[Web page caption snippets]

========================================================================

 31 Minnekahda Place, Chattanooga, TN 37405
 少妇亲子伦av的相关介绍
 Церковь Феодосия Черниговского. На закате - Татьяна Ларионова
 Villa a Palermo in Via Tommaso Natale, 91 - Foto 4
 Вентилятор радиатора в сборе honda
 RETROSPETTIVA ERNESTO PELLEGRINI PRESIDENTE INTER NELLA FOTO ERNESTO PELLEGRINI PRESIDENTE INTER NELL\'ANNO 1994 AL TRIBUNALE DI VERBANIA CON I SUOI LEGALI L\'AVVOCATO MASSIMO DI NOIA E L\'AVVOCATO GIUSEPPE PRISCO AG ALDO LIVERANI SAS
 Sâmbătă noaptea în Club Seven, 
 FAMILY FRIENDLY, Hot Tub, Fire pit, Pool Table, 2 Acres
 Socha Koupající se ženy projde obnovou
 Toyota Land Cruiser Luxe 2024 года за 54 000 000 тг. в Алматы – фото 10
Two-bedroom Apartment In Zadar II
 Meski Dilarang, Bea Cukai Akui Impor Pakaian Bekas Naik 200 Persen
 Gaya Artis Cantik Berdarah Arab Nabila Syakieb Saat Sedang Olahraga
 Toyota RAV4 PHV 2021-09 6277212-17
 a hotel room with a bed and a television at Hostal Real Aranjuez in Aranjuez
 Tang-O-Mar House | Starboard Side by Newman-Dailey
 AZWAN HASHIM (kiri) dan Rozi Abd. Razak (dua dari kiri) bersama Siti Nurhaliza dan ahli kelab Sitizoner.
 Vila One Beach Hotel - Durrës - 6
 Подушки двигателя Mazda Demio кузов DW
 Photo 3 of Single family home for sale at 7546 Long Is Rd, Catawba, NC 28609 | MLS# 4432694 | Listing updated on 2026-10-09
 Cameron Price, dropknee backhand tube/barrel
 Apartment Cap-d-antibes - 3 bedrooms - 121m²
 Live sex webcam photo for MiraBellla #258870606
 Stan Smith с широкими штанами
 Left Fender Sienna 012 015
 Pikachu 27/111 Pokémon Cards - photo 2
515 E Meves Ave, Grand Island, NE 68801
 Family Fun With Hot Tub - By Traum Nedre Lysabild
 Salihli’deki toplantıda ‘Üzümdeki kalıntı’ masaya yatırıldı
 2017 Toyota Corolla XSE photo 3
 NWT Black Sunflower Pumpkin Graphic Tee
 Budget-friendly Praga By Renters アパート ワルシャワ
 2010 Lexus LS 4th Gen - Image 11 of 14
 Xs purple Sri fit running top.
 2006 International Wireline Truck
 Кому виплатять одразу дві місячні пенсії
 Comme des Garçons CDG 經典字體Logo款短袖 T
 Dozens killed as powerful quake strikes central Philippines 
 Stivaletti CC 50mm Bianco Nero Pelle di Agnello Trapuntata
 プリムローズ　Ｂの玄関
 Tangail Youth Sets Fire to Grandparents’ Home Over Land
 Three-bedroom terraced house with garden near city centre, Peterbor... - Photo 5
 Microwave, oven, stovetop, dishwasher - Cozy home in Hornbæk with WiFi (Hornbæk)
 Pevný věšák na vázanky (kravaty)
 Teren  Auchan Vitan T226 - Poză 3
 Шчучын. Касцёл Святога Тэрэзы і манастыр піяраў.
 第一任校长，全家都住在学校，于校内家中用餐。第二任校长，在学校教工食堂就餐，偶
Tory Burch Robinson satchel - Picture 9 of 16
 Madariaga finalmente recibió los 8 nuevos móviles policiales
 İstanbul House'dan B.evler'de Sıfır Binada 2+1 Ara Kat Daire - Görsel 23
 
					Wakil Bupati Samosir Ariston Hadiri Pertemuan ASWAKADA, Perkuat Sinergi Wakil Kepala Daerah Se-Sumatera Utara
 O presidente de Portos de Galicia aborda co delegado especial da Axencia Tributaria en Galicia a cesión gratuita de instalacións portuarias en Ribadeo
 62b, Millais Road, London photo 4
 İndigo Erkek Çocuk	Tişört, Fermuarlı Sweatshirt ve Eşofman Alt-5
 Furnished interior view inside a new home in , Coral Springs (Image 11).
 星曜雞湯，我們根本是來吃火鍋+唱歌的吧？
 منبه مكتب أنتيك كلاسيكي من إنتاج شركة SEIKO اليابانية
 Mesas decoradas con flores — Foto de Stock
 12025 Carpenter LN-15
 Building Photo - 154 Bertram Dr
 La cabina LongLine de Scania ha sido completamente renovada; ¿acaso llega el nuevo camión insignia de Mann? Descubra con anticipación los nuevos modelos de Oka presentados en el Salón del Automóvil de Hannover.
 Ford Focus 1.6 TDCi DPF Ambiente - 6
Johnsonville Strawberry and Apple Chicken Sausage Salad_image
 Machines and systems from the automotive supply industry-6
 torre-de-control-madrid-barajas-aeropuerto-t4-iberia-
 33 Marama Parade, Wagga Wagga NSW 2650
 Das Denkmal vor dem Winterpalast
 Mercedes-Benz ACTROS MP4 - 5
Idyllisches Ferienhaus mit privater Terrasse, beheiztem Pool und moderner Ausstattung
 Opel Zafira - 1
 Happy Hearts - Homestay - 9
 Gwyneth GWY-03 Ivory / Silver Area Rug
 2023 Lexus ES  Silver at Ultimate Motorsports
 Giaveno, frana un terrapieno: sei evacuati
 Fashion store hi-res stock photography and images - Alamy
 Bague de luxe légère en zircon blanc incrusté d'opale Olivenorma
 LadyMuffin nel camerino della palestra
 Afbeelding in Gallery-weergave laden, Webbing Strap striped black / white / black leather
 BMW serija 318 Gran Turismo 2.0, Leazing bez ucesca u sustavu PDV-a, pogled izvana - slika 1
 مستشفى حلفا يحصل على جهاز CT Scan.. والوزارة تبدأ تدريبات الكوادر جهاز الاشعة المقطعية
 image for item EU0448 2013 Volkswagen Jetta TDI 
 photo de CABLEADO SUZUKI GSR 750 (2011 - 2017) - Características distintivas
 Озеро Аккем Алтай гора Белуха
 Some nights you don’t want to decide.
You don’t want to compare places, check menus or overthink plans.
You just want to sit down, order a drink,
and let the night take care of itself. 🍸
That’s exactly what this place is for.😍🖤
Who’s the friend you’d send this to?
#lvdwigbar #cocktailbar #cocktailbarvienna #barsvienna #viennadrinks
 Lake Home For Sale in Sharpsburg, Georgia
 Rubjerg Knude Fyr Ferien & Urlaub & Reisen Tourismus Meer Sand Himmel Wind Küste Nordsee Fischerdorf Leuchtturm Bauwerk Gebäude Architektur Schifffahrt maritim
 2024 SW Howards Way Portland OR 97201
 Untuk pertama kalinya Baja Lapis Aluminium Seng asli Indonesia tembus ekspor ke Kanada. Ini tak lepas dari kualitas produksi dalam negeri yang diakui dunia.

========================================================================

▶ **WHAT THE TASK ASKS**
Go through the entries and return each line where the word "nuevos" occurs.

▶ **RESPONSE BELOW**
 Madariaga finalmente recibió los 8 nuevos móviles policiales
 La cabina LongLine de Scania ha sido completamente renovada; ¿acaso llega el nuevo camión insignia de Mann? Descubra con anticipación los nuevos modelos de Oka presentados en el Salón del Automóvil de Hannover.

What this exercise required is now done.